= Activity =
Would you please transcribe, exactly as written, the lines of the entries below starting at the one that holds "Stainless, navegador multiproceso para Mac" and ending at the one that holds "10 Pcs Aquarium", both included?

= Supplied information =
%%
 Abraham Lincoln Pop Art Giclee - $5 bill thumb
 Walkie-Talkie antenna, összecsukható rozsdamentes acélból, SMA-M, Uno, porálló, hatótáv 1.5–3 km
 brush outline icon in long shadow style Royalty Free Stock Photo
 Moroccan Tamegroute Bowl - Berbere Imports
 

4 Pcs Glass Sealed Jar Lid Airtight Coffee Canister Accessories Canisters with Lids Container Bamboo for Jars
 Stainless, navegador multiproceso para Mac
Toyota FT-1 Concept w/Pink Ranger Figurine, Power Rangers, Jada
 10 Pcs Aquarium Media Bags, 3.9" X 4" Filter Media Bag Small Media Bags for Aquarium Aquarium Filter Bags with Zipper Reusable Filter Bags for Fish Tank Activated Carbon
%%
%%
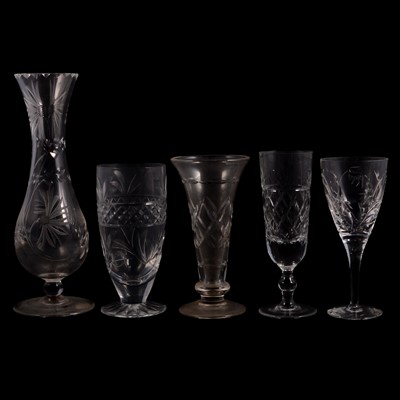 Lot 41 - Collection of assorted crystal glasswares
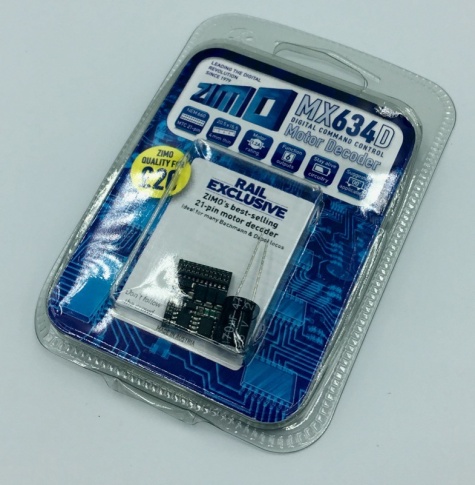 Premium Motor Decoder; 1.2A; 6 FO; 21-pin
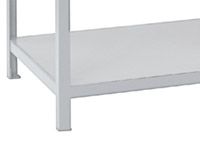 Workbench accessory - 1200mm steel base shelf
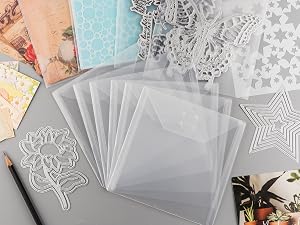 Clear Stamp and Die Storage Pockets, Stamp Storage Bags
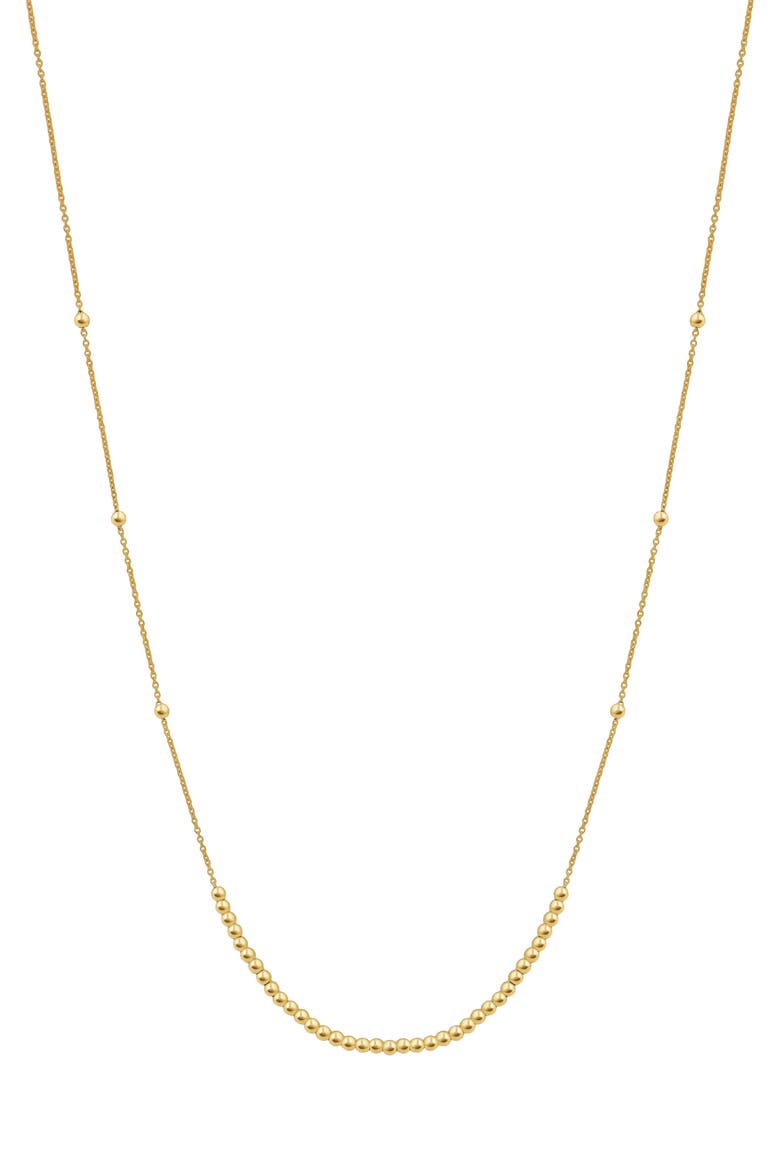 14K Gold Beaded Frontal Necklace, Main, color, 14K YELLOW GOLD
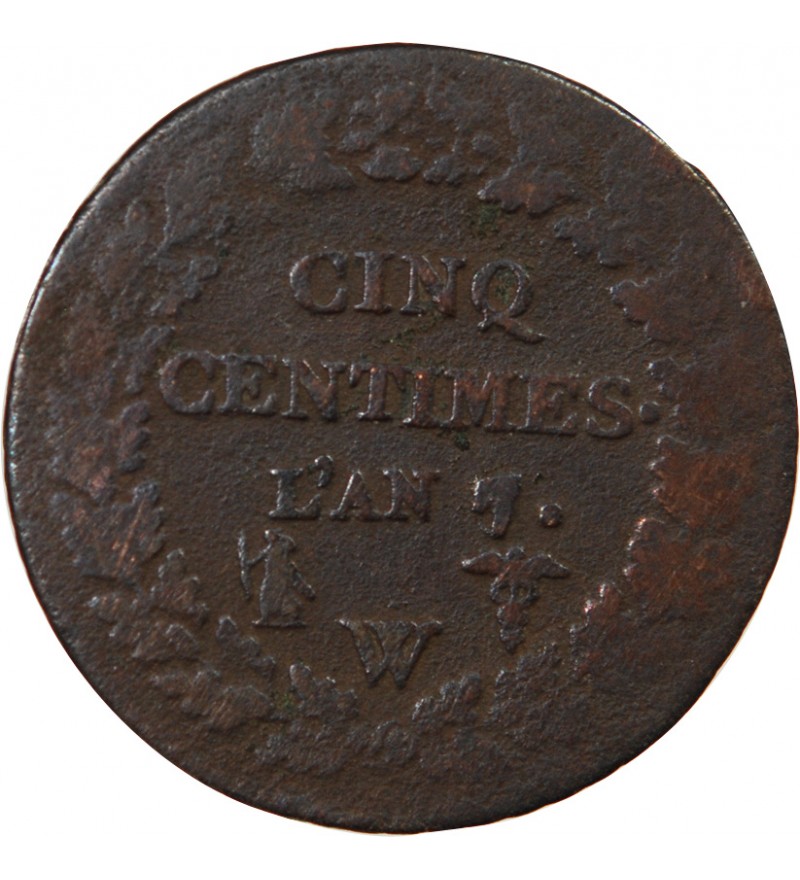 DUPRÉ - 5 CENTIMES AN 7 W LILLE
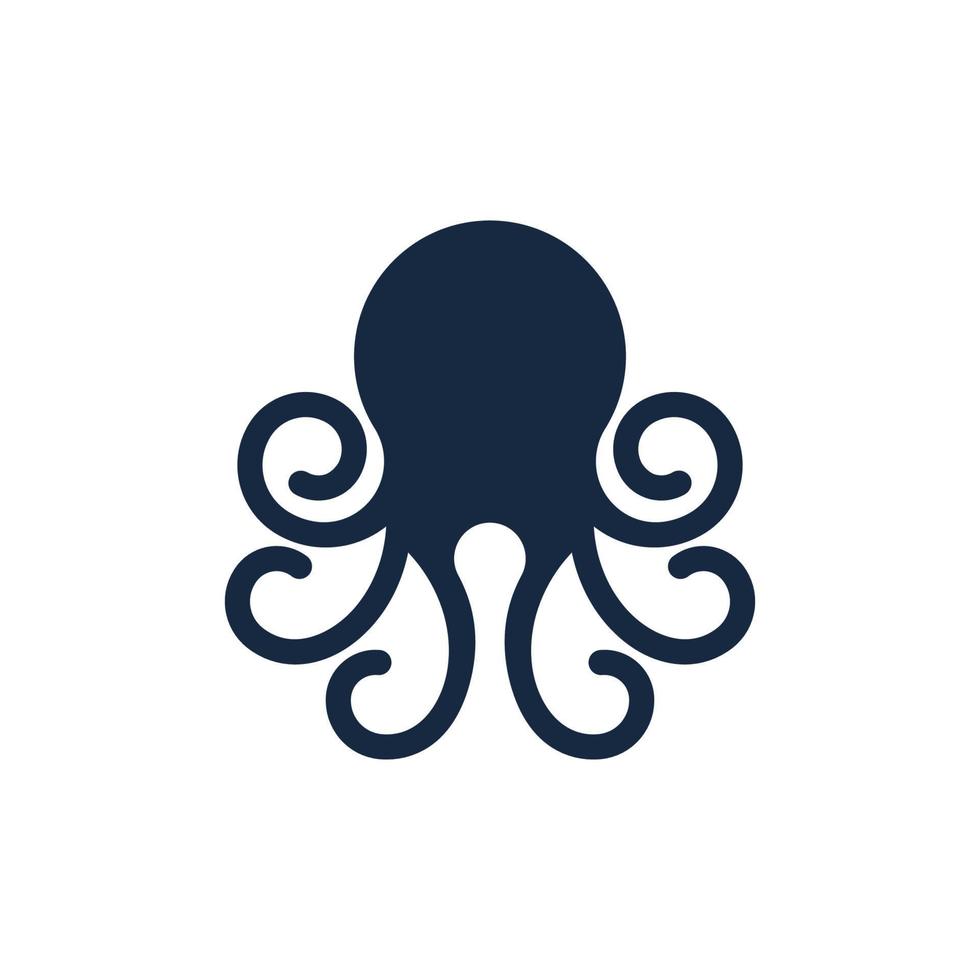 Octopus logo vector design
%%
%%
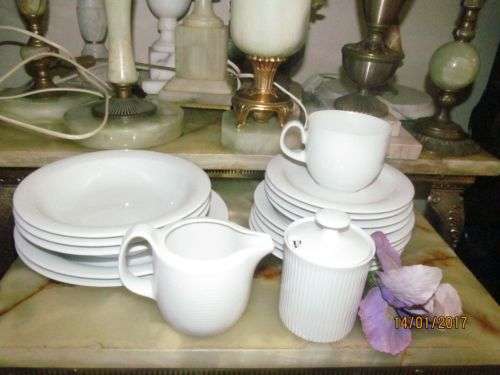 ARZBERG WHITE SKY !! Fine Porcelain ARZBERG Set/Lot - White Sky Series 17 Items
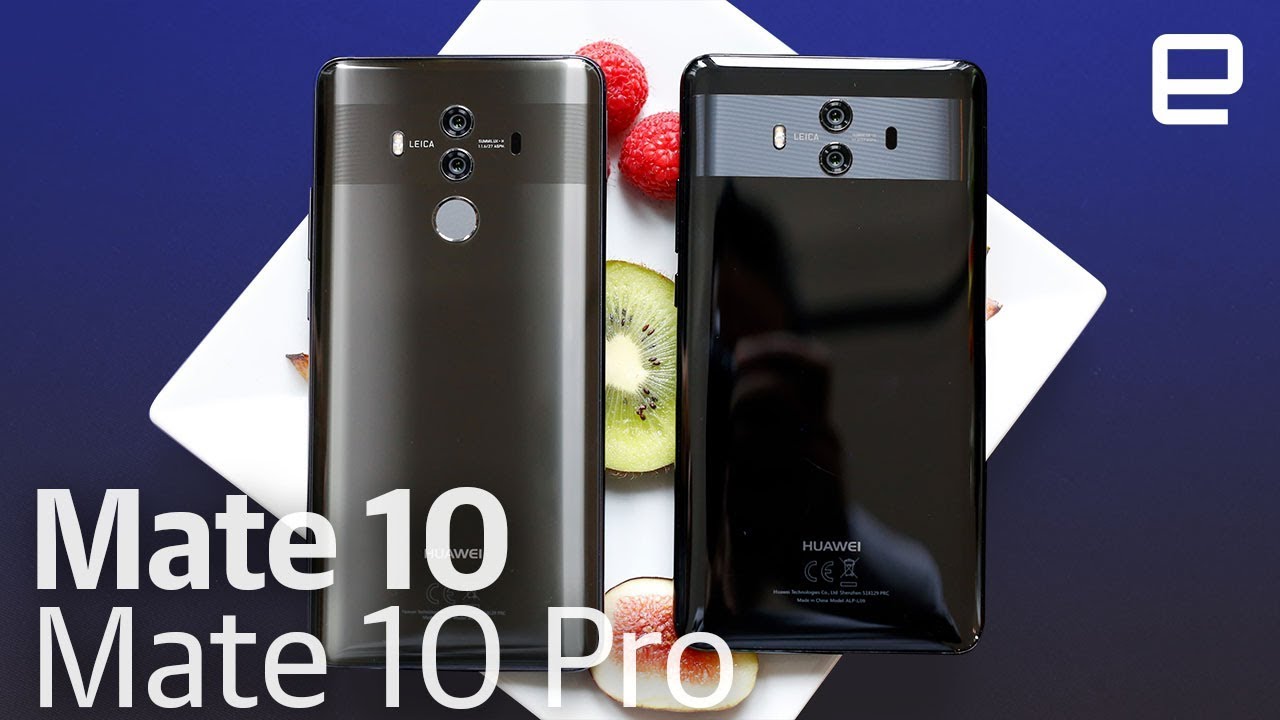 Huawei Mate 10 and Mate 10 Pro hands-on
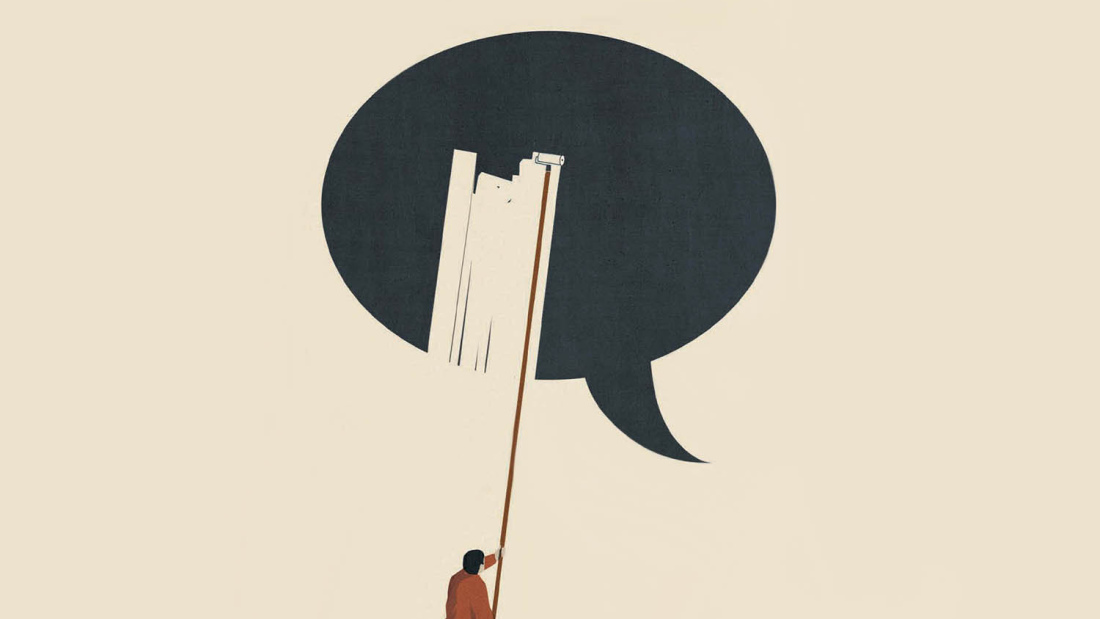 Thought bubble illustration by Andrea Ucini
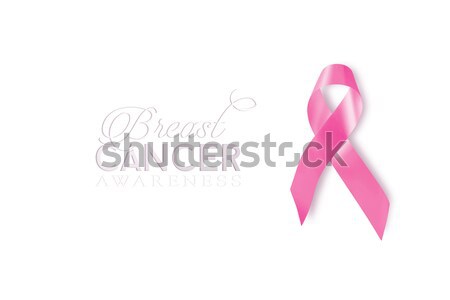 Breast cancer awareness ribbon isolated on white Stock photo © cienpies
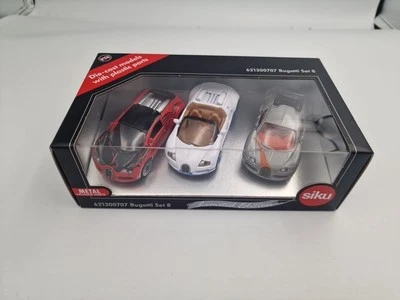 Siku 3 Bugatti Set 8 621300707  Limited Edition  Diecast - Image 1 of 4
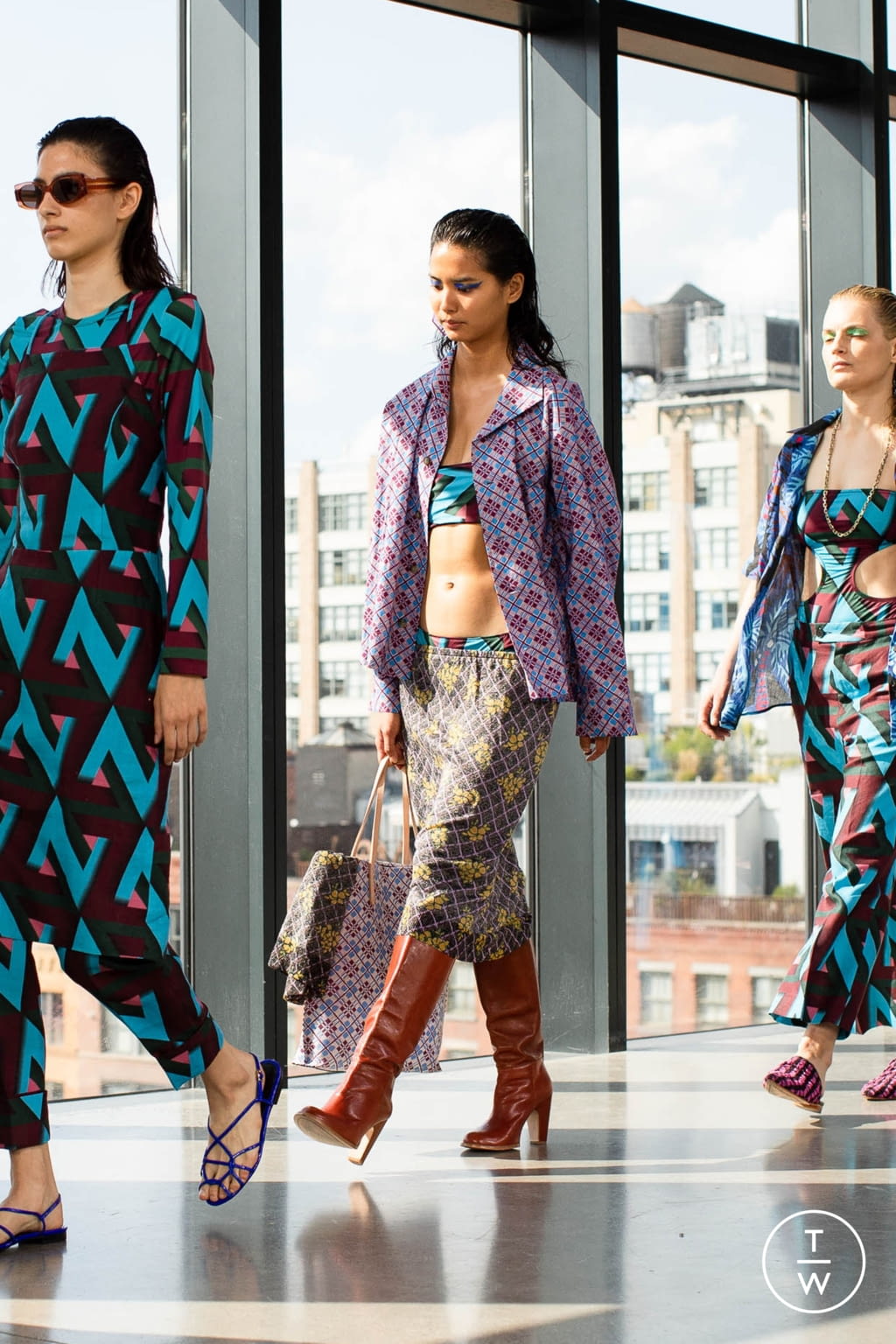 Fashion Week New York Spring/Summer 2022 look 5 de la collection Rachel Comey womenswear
%%
= Solution below =
 Stainless, navegador multiproceso para Mac
Toyota FT-1 Concept w/Pink Ranger Figurine, Power Rangers, Jada
 10 Pcs Aquarium Media Bags, 3.9" X 4" Filter Media Bag Small Media Bags for Aquarium Aquarium Filter Bags with Zipper Reusable Filter Bags for Fish Tank Activated Carbon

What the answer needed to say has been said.